- _DATA TO EXAMINE_
----------------

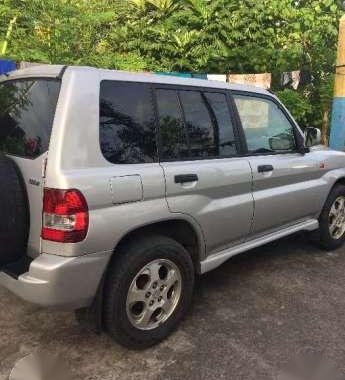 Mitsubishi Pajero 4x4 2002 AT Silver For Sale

----------------

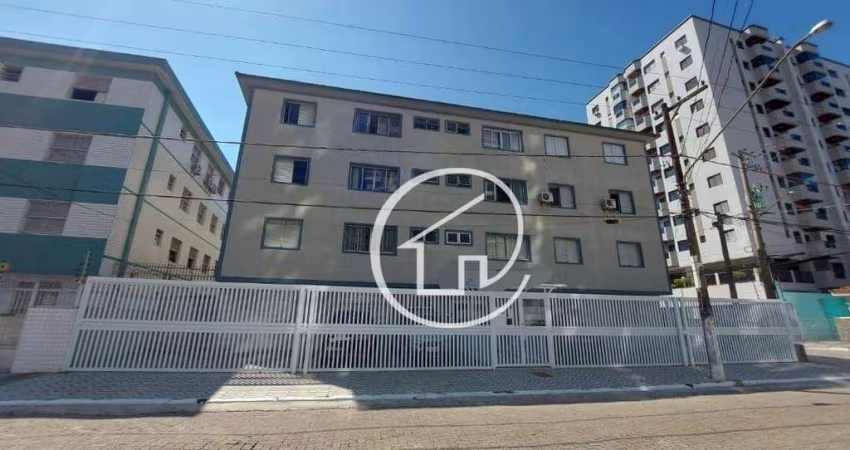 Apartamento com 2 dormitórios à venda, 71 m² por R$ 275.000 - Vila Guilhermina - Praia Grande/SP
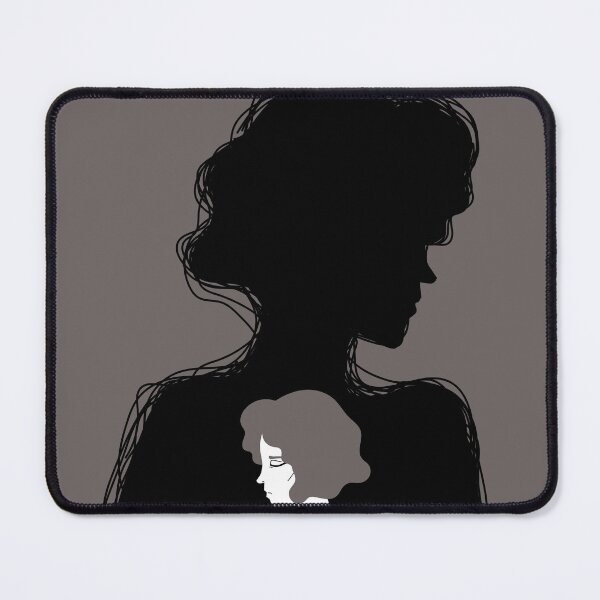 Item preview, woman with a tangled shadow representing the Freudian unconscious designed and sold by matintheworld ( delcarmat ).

----------------

- _THE TASK_
In the listing above, find the line containing "Apartamento com 2" and the line containing "Item preview, woman". Reproduce those lines and all between them exactly, with no pictures and nothing more.

- _TASK RESULT_
 Apartamento com 2 dormitórios à venda, 71 m² por R$ 275.000 - Vila Guilhermina - Praia Grande/SP
 Item preview, woman with a tangled shadow representing the Freudian unconscious designed and sold by matintheworld ( delcarmat ).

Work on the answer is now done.